[Start of section]

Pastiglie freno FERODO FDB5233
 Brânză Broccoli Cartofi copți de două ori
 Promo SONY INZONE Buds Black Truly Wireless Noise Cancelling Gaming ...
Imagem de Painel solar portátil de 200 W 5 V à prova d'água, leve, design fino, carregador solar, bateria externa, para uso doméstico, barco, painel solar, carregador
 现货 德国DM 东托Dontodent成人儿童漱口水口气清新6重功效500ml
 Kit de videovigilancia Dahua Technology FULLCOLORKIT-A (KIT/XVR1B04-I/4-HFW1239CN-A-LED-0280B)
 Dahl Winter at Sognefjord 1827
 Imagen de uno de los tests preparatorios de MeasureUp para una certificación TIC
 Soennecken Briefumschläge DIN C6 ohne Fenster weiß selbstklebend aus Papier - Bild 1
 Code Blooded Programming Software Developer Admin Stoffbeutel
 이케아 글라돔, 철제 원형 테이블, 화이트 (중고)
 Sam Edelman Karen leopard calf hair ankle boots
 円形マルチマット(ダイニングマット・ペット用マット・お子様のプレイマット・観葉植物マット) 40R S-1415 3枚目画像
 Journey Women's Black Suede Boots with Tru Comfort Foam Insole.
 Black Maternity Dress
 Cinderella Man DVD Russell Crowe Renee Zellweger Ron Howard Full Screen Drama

[End of section]

### What is being asked
Take every line above where "Black" appears and copy it.

### Finished exercise
 Promo SONY INZONE Buds Black Truly Wireless Noise Cancelling Gaming ...
 Journey Women's Black Suede Boots with Tru Comfort Foam Insole.
 Black Maternity Dress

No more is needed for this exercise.